FXstreet.com (Barcelona) - The UK-based company City Index leading provider of retail derivative trading services including Contracts for Difference (also known as CFD's) and foreign exchange as absorbed FX Solutions, with this union City Index enhance their presence on the retail FX market, while FX solutions will broaden its product offering as well as is global reach.

This latest move is part of a process that began in September 2006 when City Index acquired IFX group a London-based company offering financial products, principally in the foreign exchange and global equity markets. Clive Cooke, CEO of City Index affirmed that the transaction will enhance and strengthen our current product offerings to our retail clients and institutional business partners and accelerate our expansion into new geographical markets.

Lars Christensen, CEO at Saxo Bank sees the move as a step of City Index to gain presence in the FX market: have had for some time that City Index is beginning to move into the big league of the handful of companies that have defined the retail FX industry until now. I believe it will lead to further expansion of the lower end of the retail FX space through even more clients being introduced to FX as an asset class, and as always, that can only be good for the industry.

Recent legal changes in the Forex Market, such as the requirement of banking licences in order to operate in the forex markets in Switzerland (expected in 2009), or the requirement of a $20 million minimal capital to act as a FDM, in the US (bill could be passed in 2008), seem to have started to instigate a wave of spur relocations and buyouts, which could advance the market consolidation, often forecasted but not yet seen.

Drew Niv, CEO at FXCM advances substantial changes in the Forex Market: The Law hikes minimum capital to $20M and that is just the minimum before open exposure and other capital haircuts effectively make it $40M for most firms.(…) The fact that Private equity funds are now heavily invested in the industry will get the M&A machine rolling, and I expect many more deals over the next 18 months.

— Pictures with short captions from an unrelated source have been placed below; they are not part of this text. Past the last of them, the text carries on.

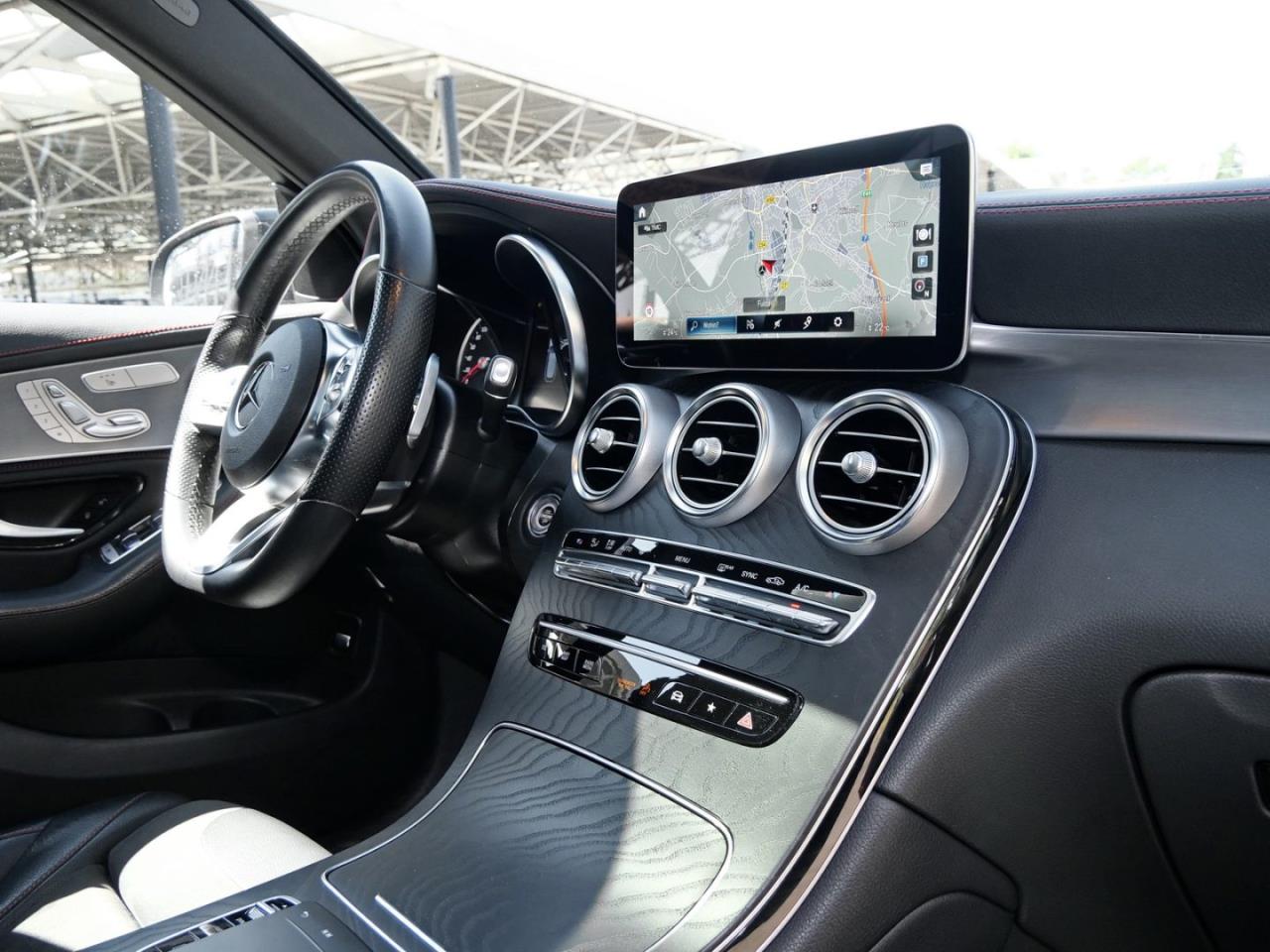 Mercedes-Benz GLC 400 d 4M AMG Night Panorama Distronic 360?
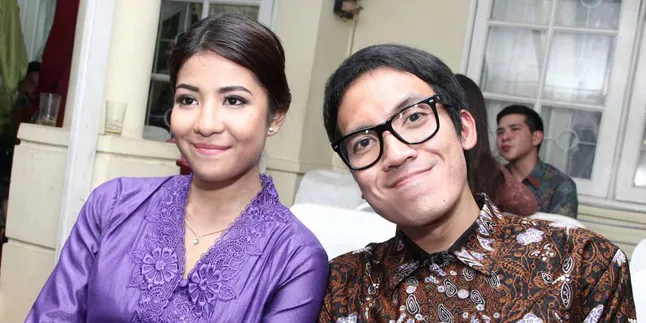Konsep Busana Nikah Desta - Natasha Rizky Tiru The Beatles Konsep Busana Nikah Desta - Natasha Rizky Tiru The Beatles
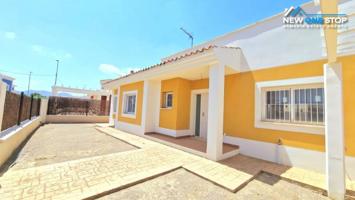 Chalet en venta en Lorca photo 0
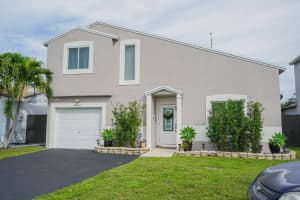 19907 Nw 67th Ct, Hialeah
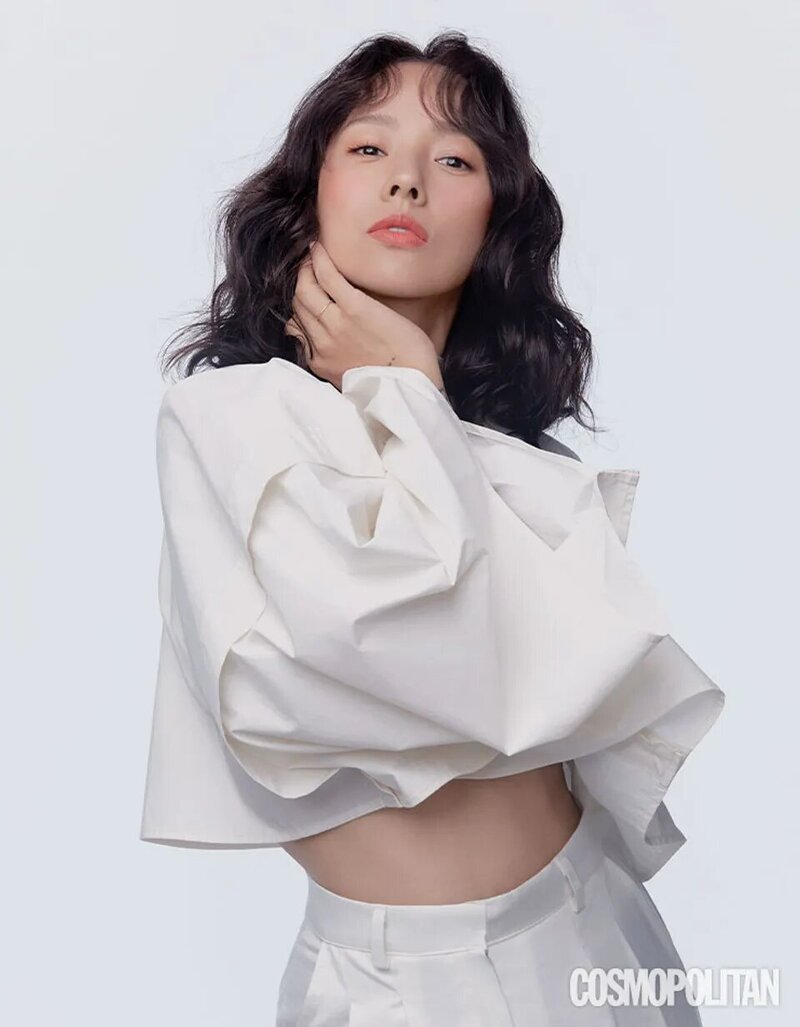Lee Hyori for Cosmopolitan Magazine December 2019 Issue documents 3
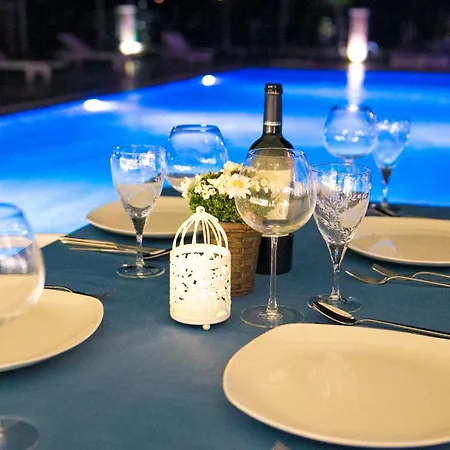 戈西克纳兹酒店 酒店 3*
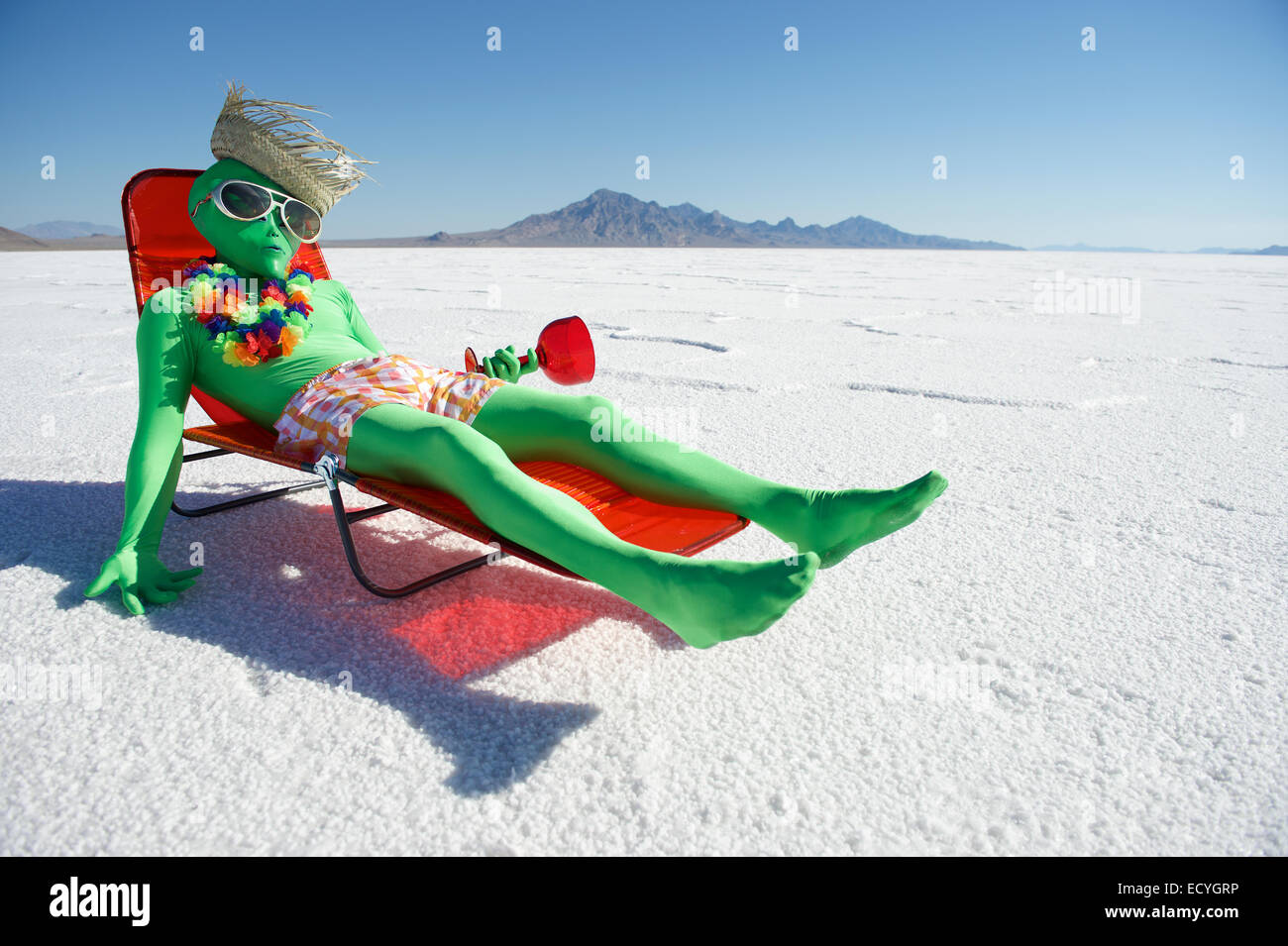 Gracioso Bebe Alien Verde Turista Va De Vacaciones Baratos En Silla De Playa Con Bebida Tropical Fotografia De Stock Alamy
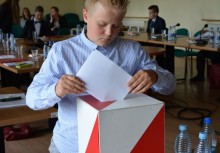 [fot. Wojciech Kruk] I sesja Młodzieżowej Rady Gminy - powiększ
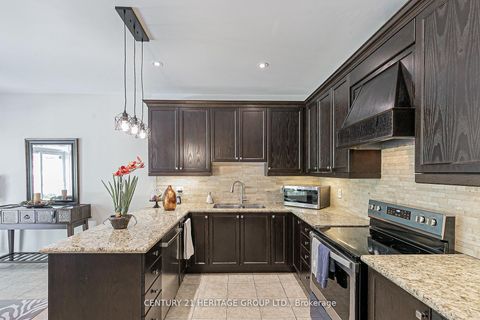 Photo 19 at 44 Madison Avenue, Oak Ridges, Richmond Hill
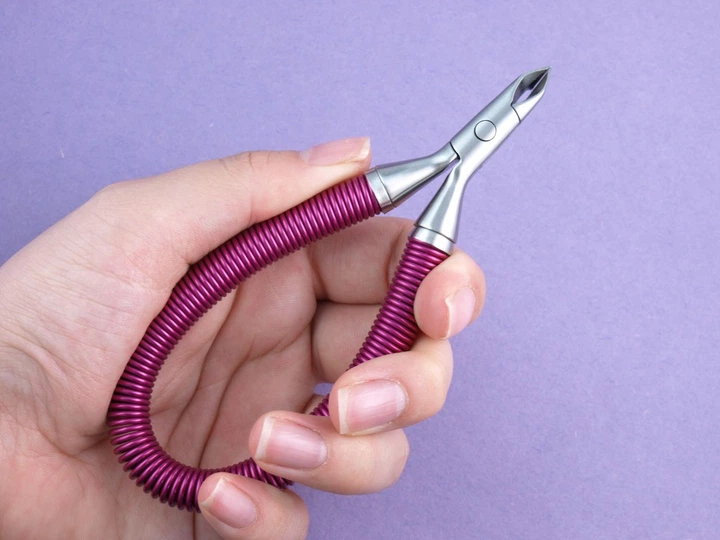 Щипцы для кутикулы Tweezerman Grip & Snip Spiral Spring Cuticle Nipper (12 см) - Фото 8 Щипцы для кутикулы Tweezerman Grip & Snip Spiral Spring Cuticle Nipper (12 см) - изображение 8
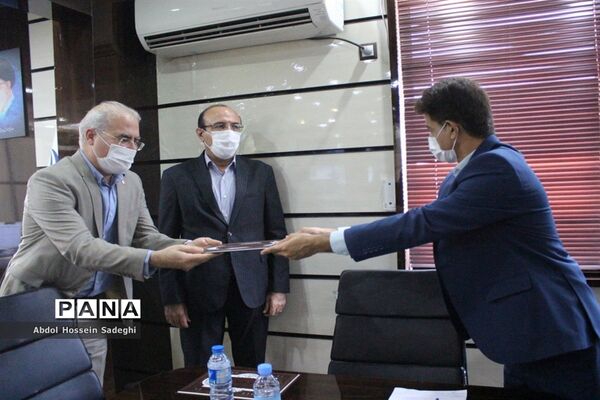 نشست مدیرکل بهزیستی استان بوشهربا مدیرکل آموزش و پرورش استان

Tony Juste, FX Advisor at FXstreet.com shares the idea of the corporate moves as a consequence of the new regulations: As I see it, the inevitable happened. I've been in the FX business for 8 years now and I have to say that it looks like we'll have a clearly regulated environment in the end. This obviously has its consequences on the corporate side, but you know, I look at things from the trader point of view, and I only see advantages, because it will create a safer environment for traders, which will also be beneficial for the companies operating in the business. Therefore, it is my only wish from here that all these changes make the business more transparent, fair to traders than it has been in the past.